He could also wire a relay inline and drive it off of a switched power wire. It's not really difficult to do that and it gets rid of any concern of power drain with the ignition off.
I prefer solid fuel rocket motors to hydrogen peroxide. Only problem is once ya light them off theres no way to shut them down. Still way safer though.
Yep. I have paperwork with so many ways to wire relays that it's crazy. You can do a lot of things with relays.
I've had the rear trim and seats out a few times. I've never seen any cables in the back. The '72 used a blower rather than a grid. The unit that I am looking at fitting has a switch built into it, so that should be ok even if it is permanent live. Thanks again for the help guys. Once I have her out of storage (glad she is there with this storm raging!) I will look what is available again.

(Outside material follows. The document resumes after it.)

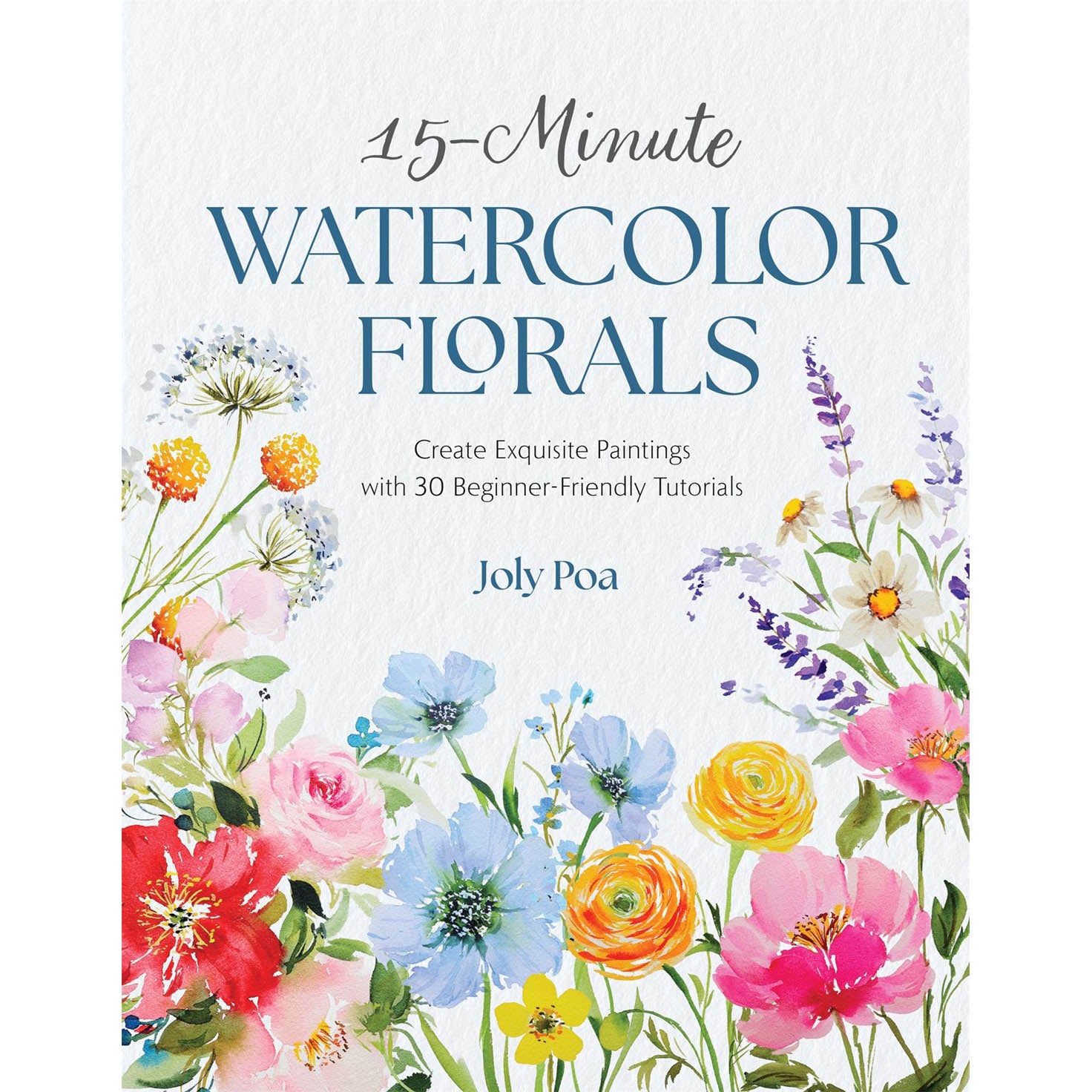 Book cover of '15-Minute Watercolor Florals' by Joly Poa with colorful floral illustrations.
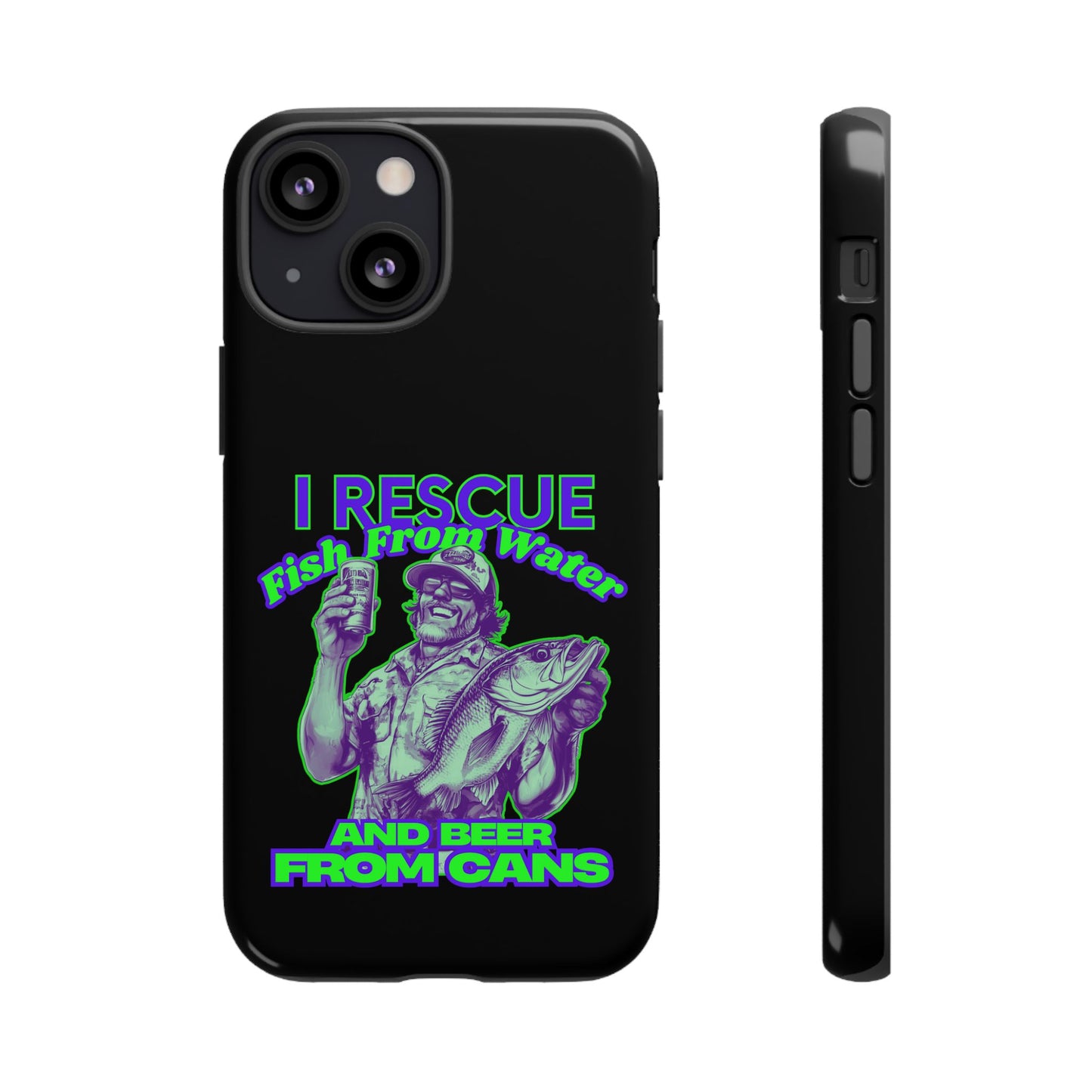 Cell Phone Case | I Rescue Fish From Water And Beer From Cans | For iPhone, Samsung Galaxy, and Google Pixel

On my battery somebody has already spliced a cable in to the positive but then just not used it at some point. You can see it in my video here (blue cable with yellow connector)
Careful with that ax Eugene! Gotta watch out swinging those wrenches between the battery posts! AND, whats with that adjustable spanner?? That OEM bolt is 5/16" six point. The cutoff is a great idea except for two overlooked issues. CHAFING between the Pos. and Neg. can lead to problems. Just beware! Can you swing the positive down 90*? The other is if you examine the battery and the OEM connector, theres "teeth" that dictate the position of the cables. On that negative side, Id put a nice stainless steel star washer betwixt the two. Also that metric bolt(?) should be used with caution as the female threaded part of the battery is still lead and can be over stressed. Think about that at Tea Time mate!
Yeah, I've seen the spark show from somebody doing that before! I had to use an adjustable as the sockets didn't fit in the gap and I don't have an imperial spanner set yet. I did think about the chafing and I tried to balance between all of the factors. Moving the positive cable downwards for example, could have caused more chafing with where it bent against the tray edge at the bottom. I think it will be ok but thanks for the warning. I saw those teeth that you mention, so I'll look for a steel star washer, thanks for the tip! I understand about the metric bolt. Unfortunately, imperial bolts are not available over the counter here in the UK. I would have had to order one from a specialist. I've always wanted to change the battery out for an Odyssey.